_Task item_:
Word for word, quote the lines from the one containing "12月に質入れした際の、期限の早見表" to the end of the entries below, including both. Leave pictures out.

[Supplied records — start]

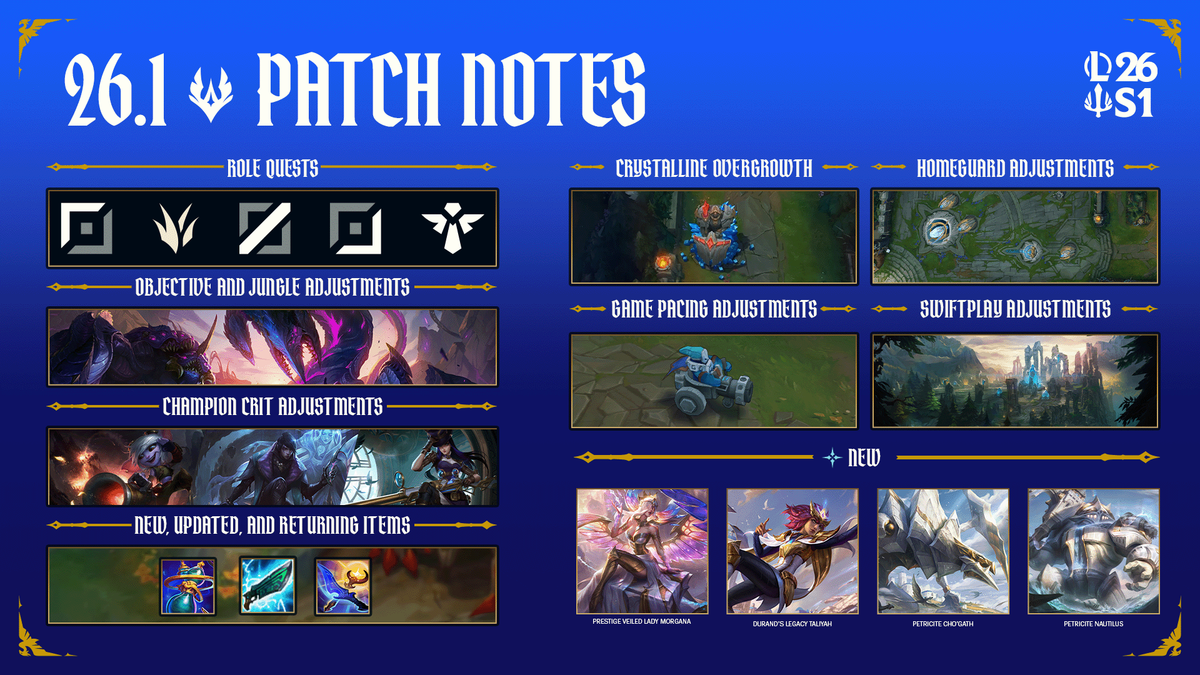 League of Legends Patch 26.1 Notes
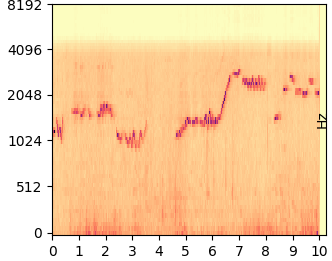 Original mel-spectrogram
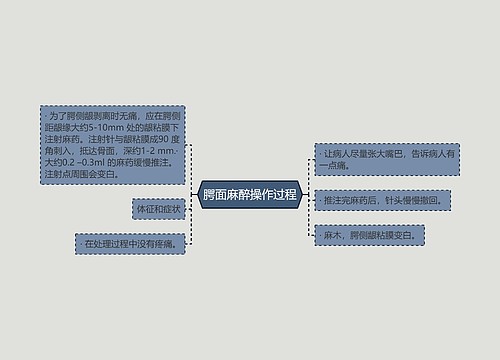 腭面麻醉操作过程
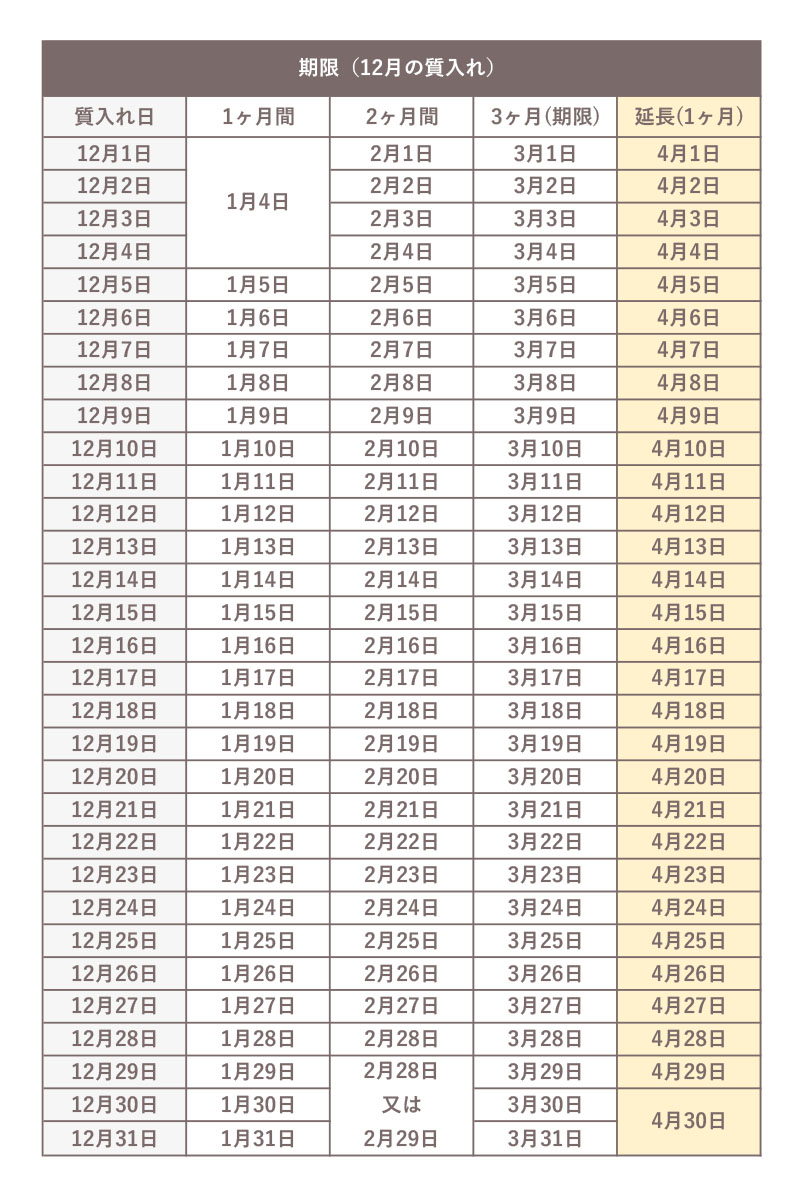 12月に質入れした際の、期限の早見表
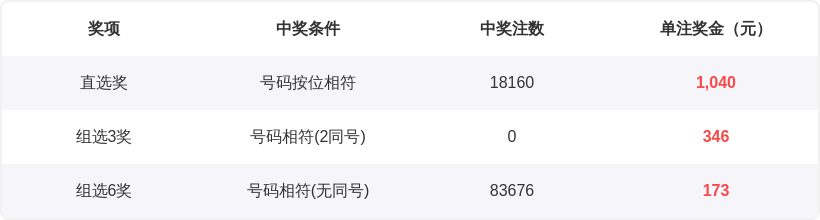 七星彩,专家推荐后,区五码,体彩网,中国体彩网直播,中国体彩网官方,体彩网下载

[Supplied records — finish]

_Answer space_:
 12月に質入れした際の、期限の早見表
 七星彩,专家推荐后,区五码,体彩网,中国体彩网直播,中国体彩网官方,体彩网下载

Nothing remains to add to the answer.